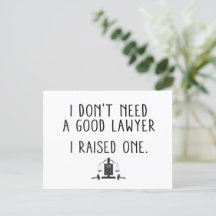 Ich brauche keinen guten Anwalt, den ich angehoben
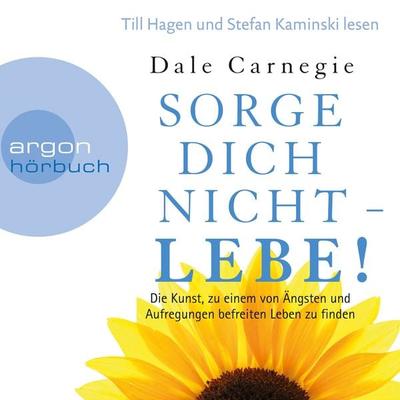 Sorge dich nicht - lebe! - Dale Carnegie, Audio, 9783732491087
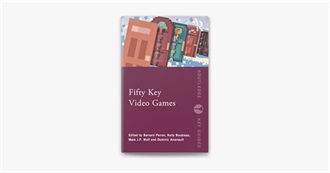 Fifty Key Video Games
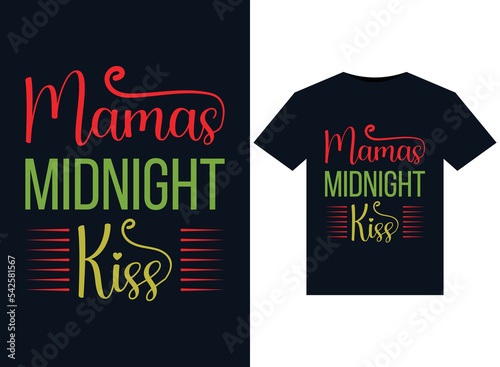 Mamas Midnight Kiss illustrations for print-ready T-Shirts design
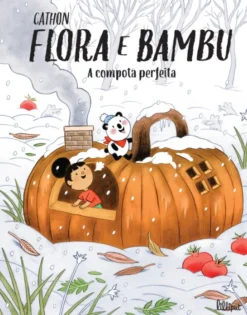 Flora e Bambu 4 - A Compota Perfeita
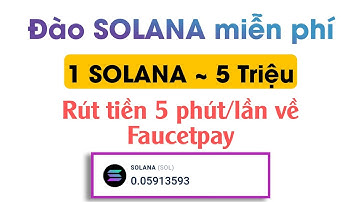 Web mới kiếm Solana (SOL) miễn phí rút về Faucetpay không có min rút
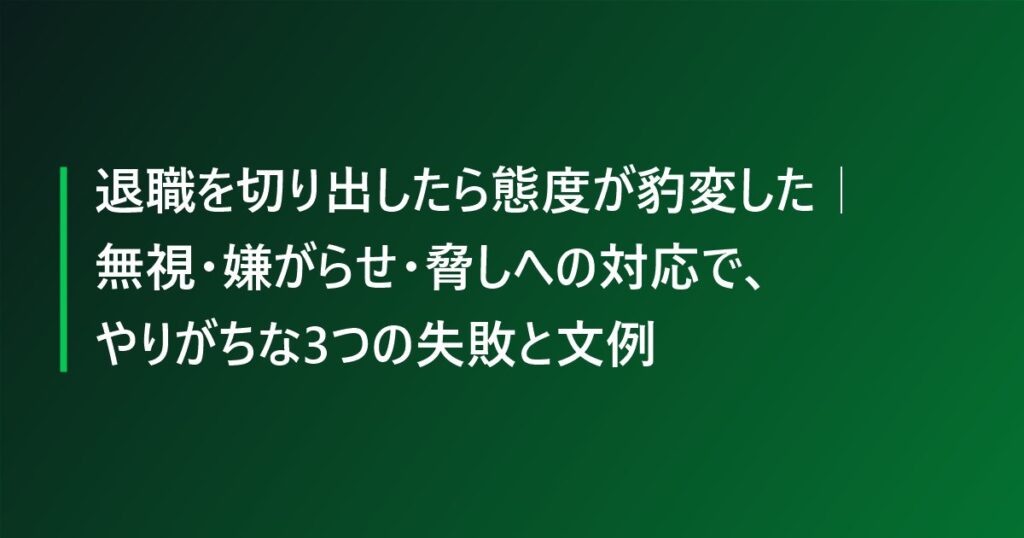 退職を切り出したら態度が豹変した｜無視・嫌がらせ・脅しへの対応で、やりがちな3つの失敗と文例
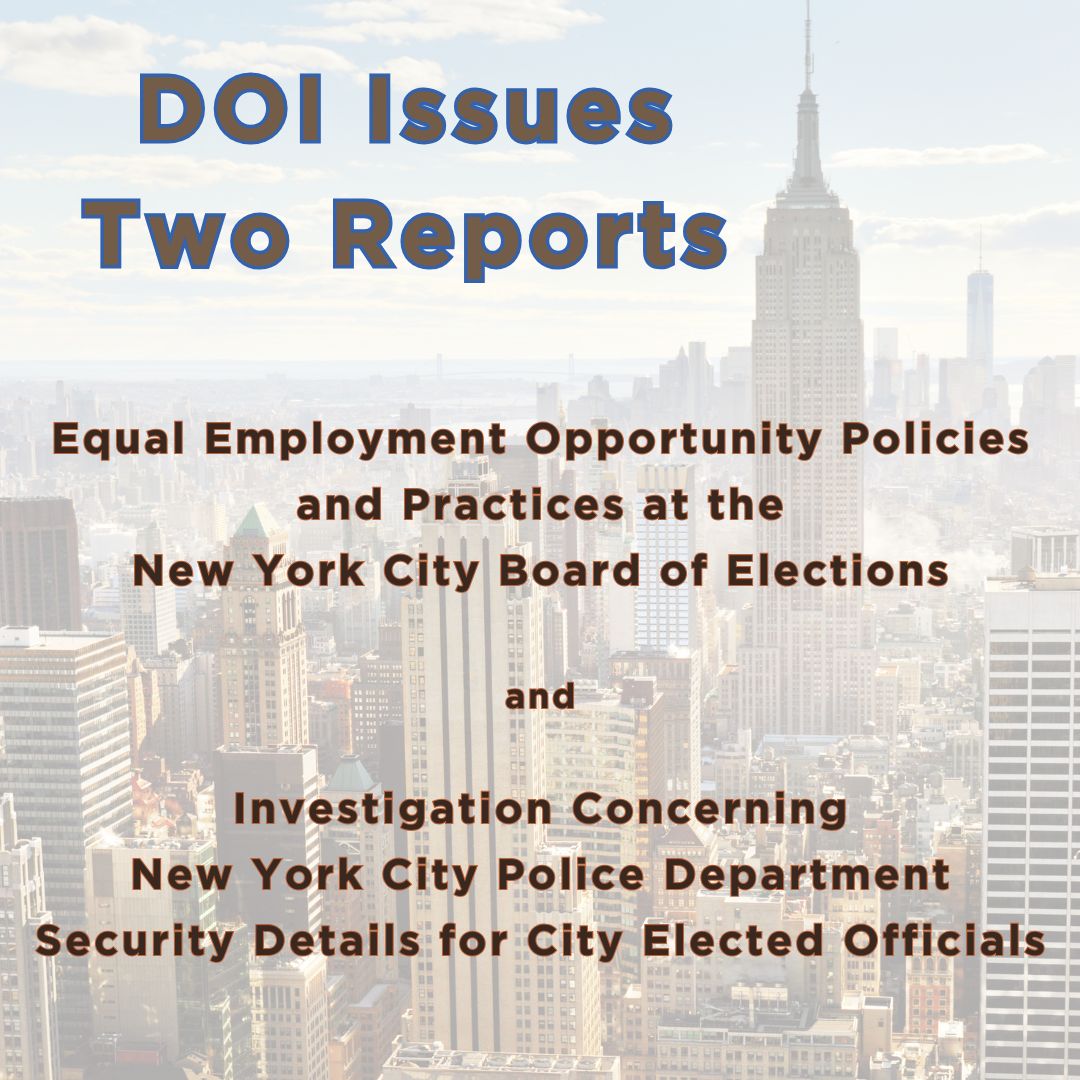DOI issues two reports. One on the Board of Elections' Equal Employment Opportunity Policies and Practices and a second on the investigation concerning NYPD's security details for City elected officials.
········
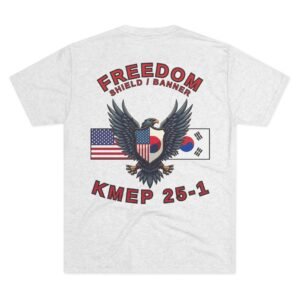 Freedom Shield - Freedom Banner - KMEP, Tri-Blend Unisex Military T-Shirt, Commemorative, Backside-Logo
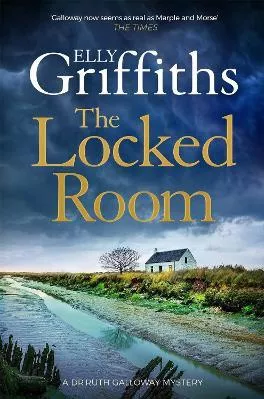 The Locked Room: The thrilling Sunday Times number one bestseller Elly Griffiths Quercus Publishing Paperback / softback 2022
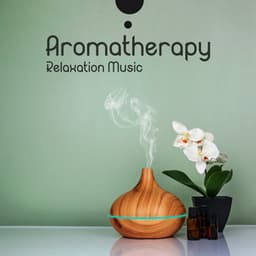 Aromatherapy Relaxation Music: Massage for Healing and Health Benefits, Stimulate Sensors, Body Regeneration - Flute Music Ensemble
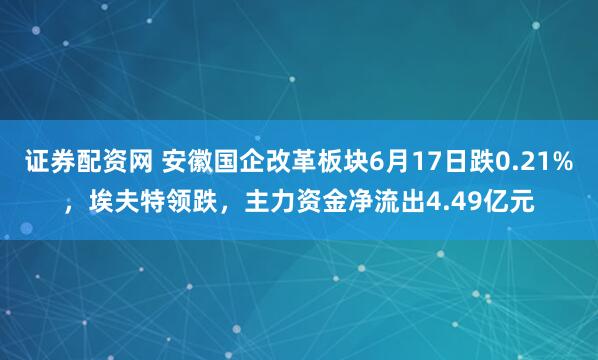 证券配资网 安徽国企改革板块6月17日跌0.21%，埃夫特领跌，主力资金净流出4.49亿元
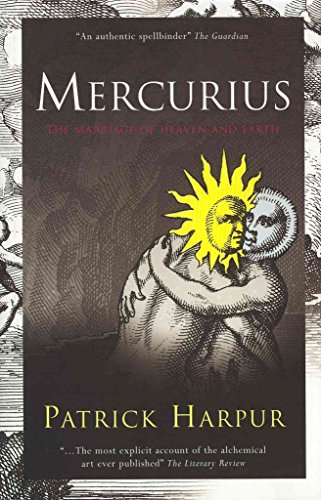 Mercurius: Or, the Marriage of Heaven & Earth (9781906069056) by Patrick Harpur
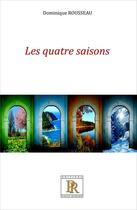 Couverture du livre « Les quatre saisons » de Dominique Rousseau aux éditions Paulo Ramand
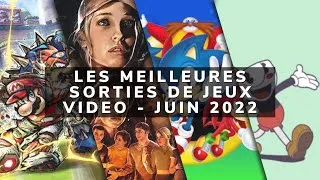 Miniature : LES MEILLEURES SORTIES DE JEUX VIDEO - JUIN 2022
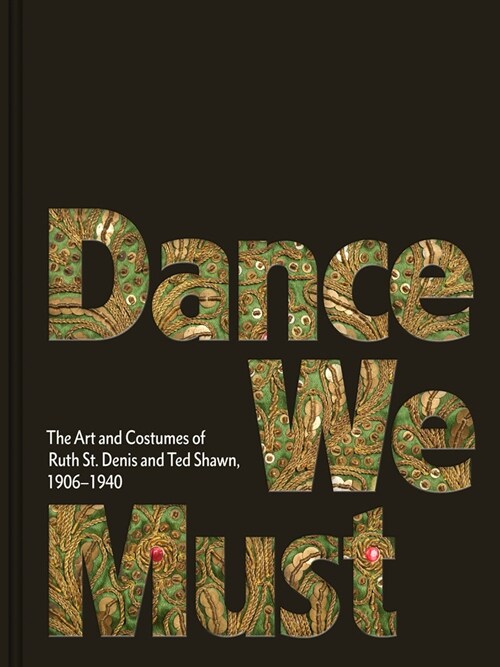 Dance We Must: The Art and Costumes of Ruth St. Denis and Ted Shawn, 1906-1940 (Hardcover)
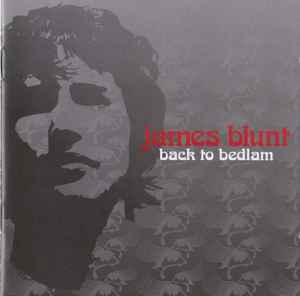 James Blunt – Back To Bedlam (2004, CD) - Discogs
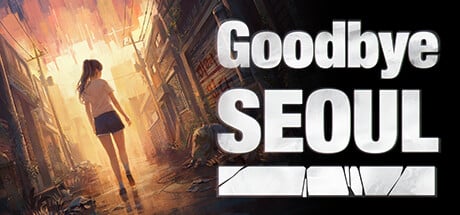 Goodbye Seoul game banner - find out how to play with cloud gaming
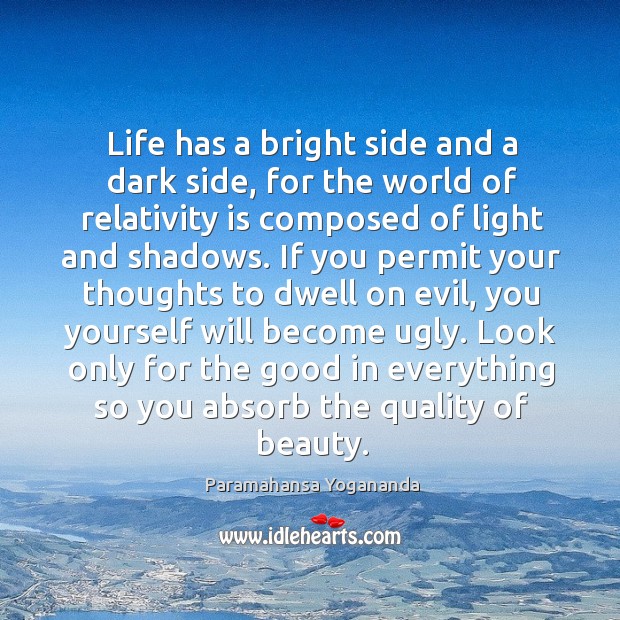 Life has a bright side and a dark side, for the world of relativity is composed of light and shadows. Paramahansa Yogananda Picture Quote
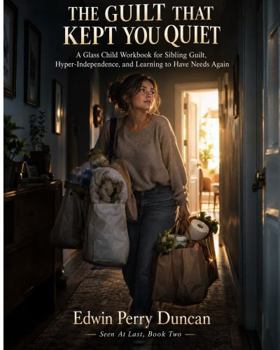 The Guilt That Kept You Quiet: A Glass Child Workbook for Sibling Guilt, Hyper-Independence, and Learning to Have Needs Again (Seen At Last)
········
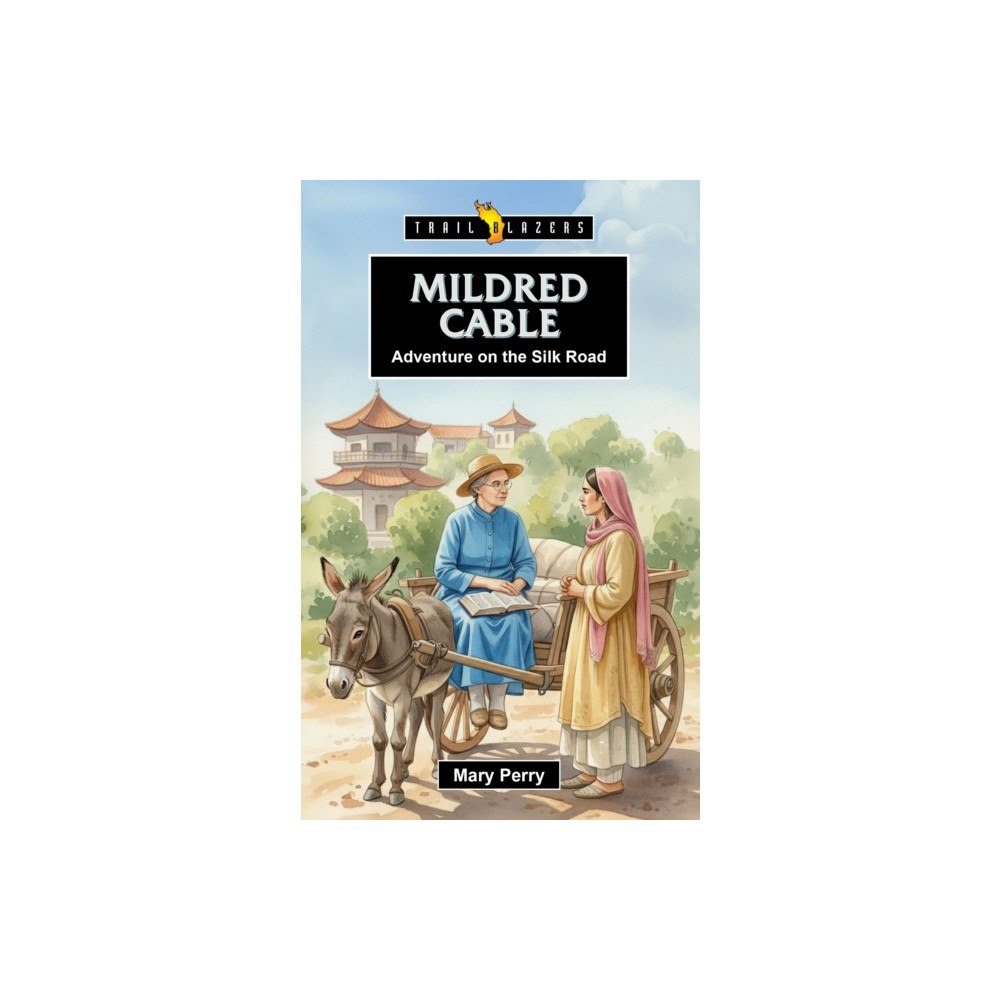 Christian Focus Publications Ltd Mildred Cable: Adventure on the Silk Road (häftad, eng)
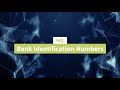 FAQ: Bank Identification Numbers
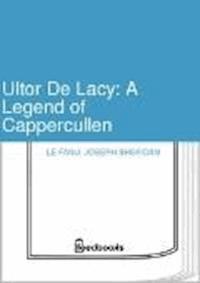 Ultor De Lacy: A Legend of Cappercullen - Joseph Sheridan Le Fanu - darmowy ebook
········
* [Problem statement]: Print the line above containing "FAQ: Bank Identification Numbers", the line containing "Ultor De Lacy: A", and everything between them, exactly as written. Pictures stay out.

* [Answer section]:
 FAQ: Bank Identification Numbers
 Ultor De Lacy: A Legend of Cappercullen - Joseph Sheridan Le Fanu - darmowy ebook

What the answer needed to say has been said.